Hughes Software fell from grace when the management revised its revenues guidance down from previously estimated 60% to a current expectation of about 25% to 35%. Consequently, the company’s stock witnessed selling. However, the real blow came when the company declared its results for 2QFY02. The concerns regarding the company’s product sales were proved to be true. The product sales had declined by 59% sequentially during the quarter. This caused the operating margins to come down sharply from 34% in 1QFY02 to 17% in 2QFY02.
However, the merger of Hughes Electronics with Echostar lifted the stock price once again as a possibility of a buy back emerged on the back of a change in management control of the company. While the company intimated the exchange that there would be no buy back, the SEBI asked the company to explain why there would not be any need for such a move. The decision on the matter is pending. The current stock price has the possibility of a buyback factored in. And if this does not come through the stock price might witness a significant downside.
However, Hughes has been increasing the breadth of its offerings to counter the slowdown in demand. The company has recently unveiled the SIP User Agent Toolkit and Server Framework to significantly reduce "time to market" for developers using the Session Initiation Protocol (SIP) route to offer solutions for the voice over packet market. Theses offerings simplify the development of phones, SIP-Interface in software switches and SIP gateways allowing user to deploy their solutions faster. According to the company, the SIP toolkit server offerings would be critical in enabling technology for the future of IP communications.
The company has also entered into an agreement with Motorola to provide advanced third generation (3G) mobile data protocol hardware/software platforms. NTTDoCoMo has recently introduced 3G services on a restricted basis in Japan. 3G services provide mobile access to the Internet with significant bandwidth that allows multimedia applications to be accessed. There is a strong possibility that the demand for 3G services will see a significant surge in the future. Technology advances could further improve the offerings and bring the cost of providing the services even lower.

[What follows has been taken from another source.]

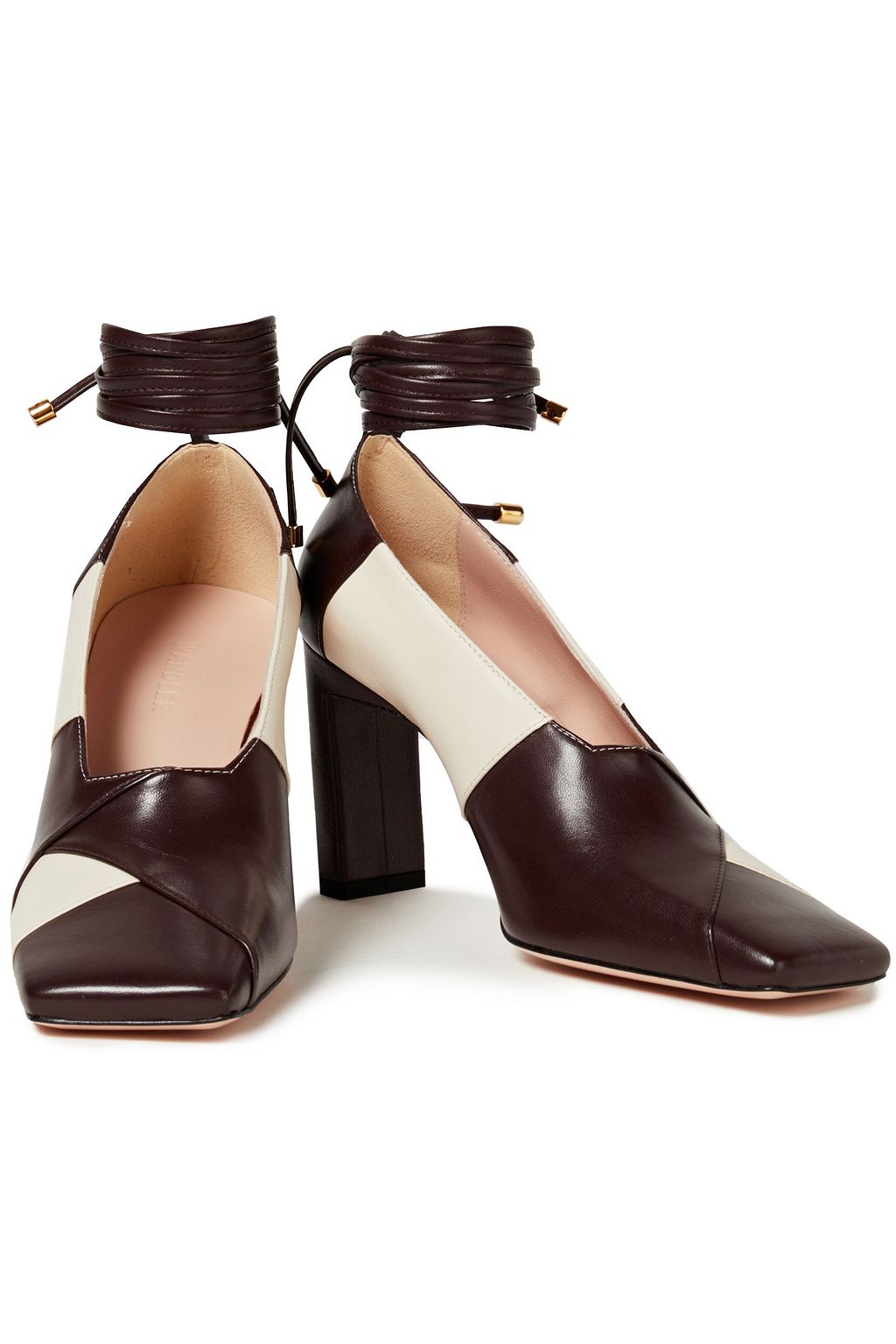 WANDLER Isa lace-up two-tone leather pumps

This would in turn add pace to the growth in demand for these services.
Expanding the horizon for its offerings, Hughes in the recent past entered into broadband communications applications space with a contract to provide specialized engineering services to Hughes Network Systems (HNS) for SPACEWAY. HSS will collaborate with Hughes and its broadband alliance partners to build a range of next generation peer-to-peer applications including high quality secure video based tools for business and residential applications, telemedicine, and distance learning-on-demand. With user applications getting increasingly bandwidth intensive, broadband could be the preferred mode to access the Internet in the near future.
Hughes positioning as a services provider for the OEMs in the area of convergent networks is a fundamental reason to look at the company as a possible investment opportunity. However, since these markets are impacted significantly by technological developments, the future is very uncertain. Also, the management’s credibility and ability to perform have taken a hit in the past.
However, if one has to take a cue from the past, the future is likely to see all kinds of networks converge and therefore, service providers like Hughes would have a significant role to play. At the current market price of Rs 263, the stock is trading at a P/E multiple of 21x its FY02E earnings. While in the near future the company’s stock price has no triggers and might witness a significant downside if there is no buy back offer, in the long term the company could see growth due to increase in demand for its services.